From: Arnaldo Carvalho de Melo <arnaldo.melo@gmail.com>
To: Adrian Hunter <adrian.hunter@intel.com>
Cc: Jiri Olsa <jolsa@redhat.com>, linux-kernel@vger.kernel.org
Subject: Re: [PATCH 6/6] perf thread-stack: Hide x86 retpolines
Date: Fri, 22 Feb 2019 16:42:44 -0300 [thread overview]
Message-ID: <20190222194244.GF26132@kernel.org> (raw)

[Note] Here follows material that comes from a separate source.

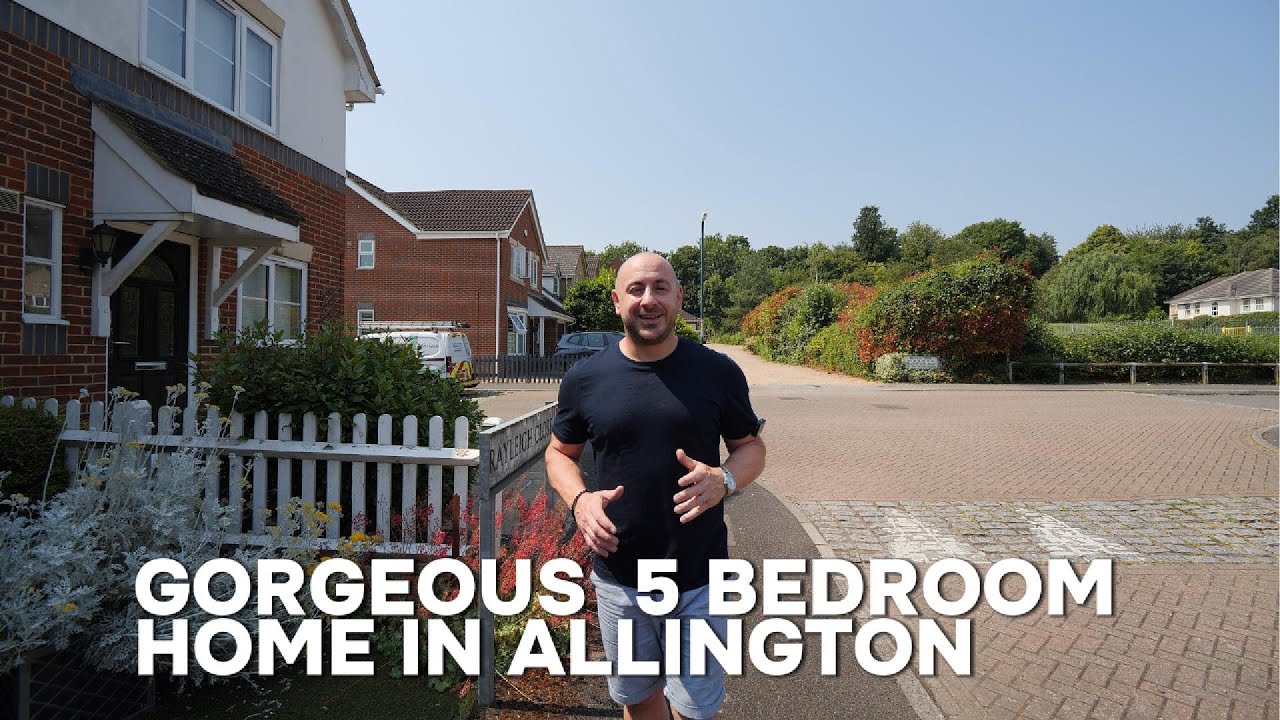 Check out this gorgeous 5 bedroom home in Allington, Maidstone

In-Reply-To: <20190109091835.5570-7-adrian.hunter@intel.com>
Em Wed, Jan 09, 2019 at 11:18:35AM +0200, Adrian Hunter escreveu:
> x86 retpoline functions pollute the call graph by showing up everywhere
> there is an indirect branch, but they do not really mean anything. Make
> changes so that the default retpoline functions will no longer appear in
> the call graph. Note this only affects the call graph, since all the
> original branches are left unchanged.
>
> This does not handle function return thunks, nor is there any improvement
> for the handling of inline thunks or extern thunks.
>
> Example:
>
> $ cat simple-retpoline.c
> __attribute__((noinline)) int bar(void)
> {
> return -1;
> }
>
> int foo(void)
> {
> return bar() + 1;
> }
>
> __attribute__((indirect_branch("thunk"))) int main()
> {
> int (*volatile fn)(void) = foo;
>
> fn();
> return fn();
> }
> $ gcc -ggdb3 -Wall -Wextra -O2 -o simple-retpoline simple-retpoline.c
> $ objdump -d simple-retpoline
> <SNIP>
> 0000000000001040 <main>:
> 1040: 48 83 ec 18 sub $0x18,%rsp
> 1044: 48 8d 05 25 01 00 00 lea 0x125(%rip),%rax # 1170 <foo>
> 104b: 48 89 44 24 08 mov %rax,0x8(%rsp)
> 1050: 48 8b 44 24 08 mov 0x8(%rsp),%rax
> 1055: e8 1f 01 00 00 callq 1179 <__x86_indirect_thunk_rax>
> 105a: 48 8b 44 24 08 mov 0x8(%rsp),%rax
> 105f: 48 83 c4 18 add $0x18,%rsp
> 1063: e9 11 01 00 00 jmpq 1179 <__x86_indirect_thunk_rax>
> <SNIP>
> 0000000000001160 <bar>:
> 1160: b8 ff ff ff ff mov $0xffffffff,%eax
> 1165: c3 retq
> <SNIP>
> 0000000000001170 <foo>:
> 1170: e8 eb ff ff ff callq 1160 <bar>
> 1175: 83 c0 01 add $0x1,%eax
> 1178: c3 retq
> 0000000000001179 <__x86_indirect_thunk_rax>:
> 1179: e8 07 00 00 00 callq 1185 <__x86_indirect_thunk_rax+0xc>
> 117e: f3 90 pause
> 1180: 0f ae e8 lfence
> 1183: eb f9 jmp 117e <__x86_indirect_thunk_rax+0x5>
> 1185: 48 89 04 24 mov %rax,(%rsp)
> 1189: c3 retq
> <SNIP>
> $ perf record -o simple-retpoline.perf.data -e intel_pt/cyc/u ./simple-retpoline
> [ perf record: Woken up 1 times to write data ]
> [ perf record: Captured and wrote 0,017 MB simple-retpoline.perf.data ]
> $ perf script -i simple-retpoline.perf.data --itrace=be -s ~/libexec/perf-core/scripts/python/export-to-sqlite.py simple-retpoline.db branches calls
> 2019-01-08 14:03:37.851655 Creating database...
> 2019-01-08 14:03:37.863256 Writing records...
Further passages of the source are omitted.